Sales generated through the Internet for the quarter ended March 31, 2003 were
approximately 34% of total sales compared to approximately 27% of total sales
during the same period last year. Sales generated through the Internet are
defined as sales that are derived from our Web sites, catalog orders processed
online and online offers placed by telephone.

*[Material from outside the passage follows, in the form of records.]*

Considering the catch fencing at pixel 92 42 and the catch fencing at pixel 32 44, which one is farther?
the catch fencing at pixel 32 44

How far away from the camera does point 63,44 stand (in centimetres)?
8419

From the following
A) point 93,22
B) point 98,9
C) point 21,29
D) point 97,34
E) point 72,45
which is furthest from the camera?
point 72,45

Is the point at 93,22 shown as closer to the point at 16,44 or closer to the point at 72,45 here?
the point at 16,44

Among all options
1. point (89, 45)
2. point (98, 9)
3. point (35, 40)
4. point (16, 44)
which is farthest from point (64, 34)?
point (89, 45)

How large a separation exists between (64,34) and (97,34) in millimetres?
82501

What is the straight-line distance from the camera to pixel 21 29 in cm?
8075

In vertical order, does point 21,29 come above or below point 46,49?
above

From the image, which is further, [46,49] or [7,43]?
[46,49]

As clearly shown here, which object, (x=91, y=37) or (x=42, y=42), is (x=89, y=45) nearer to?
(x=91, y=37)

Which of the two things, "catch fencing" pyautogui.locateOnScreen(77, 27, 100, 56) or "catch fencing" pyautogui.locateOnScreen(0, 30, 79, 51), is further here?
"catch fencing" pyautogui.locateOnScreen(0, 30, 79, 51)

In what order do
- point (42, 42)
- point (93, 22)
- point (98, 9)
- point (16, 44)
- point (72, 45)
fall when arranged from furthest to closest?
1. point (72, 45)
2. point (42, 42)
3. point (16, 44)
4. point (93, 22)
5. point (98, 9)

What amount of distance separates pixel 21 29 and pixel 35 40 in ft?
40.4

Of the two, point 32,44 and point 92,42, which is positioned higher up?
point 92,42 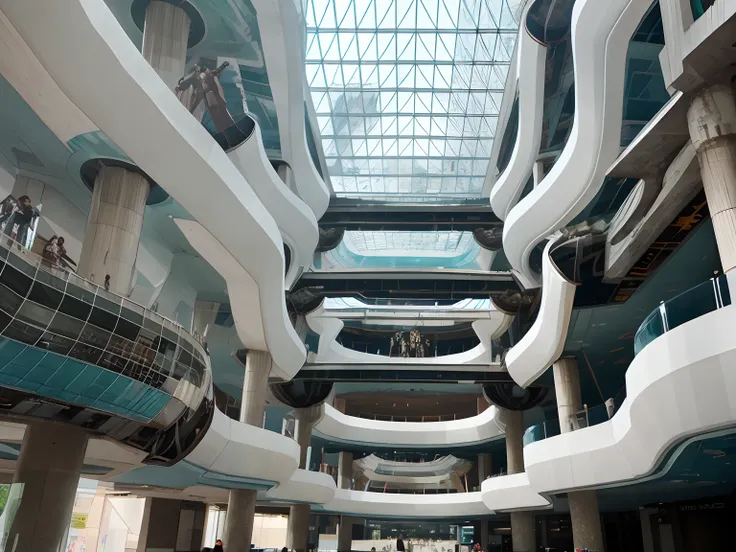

Gross returns and allowances for the quarter ended March 31, 2003 were $3.3
million or 7.0% of gross sales compared to $3.4 million or 7.5% of gross sales
during the same period last year. The decrease in gross returns and allowances,
as a percentage of sales, was primarily due to favorable trends in actual
customer return activity.
GROSS PROFIT. Gross profit for the quarter ended March 31, 2003 was $14.2
million or 32.5% of sales compared to $13.3 million or 32.1% of sales during the
same period last year. The increase in gross profit, as a percentage of sales,
was primarily from an increase in product margins from numerous product
categories offset by higher shipping costs. In the first quarter of 2003,
product margins increased, year over year, particularly in the optics, hunting
accessories, automotive, hardware and camping product categories. In comparing
the first quarter of 2003 with the same period in 2002, the increase in shipping
costs was largely due to the increase in the average weight of our outgoing
shipments to the customer and postage rate increases since last year.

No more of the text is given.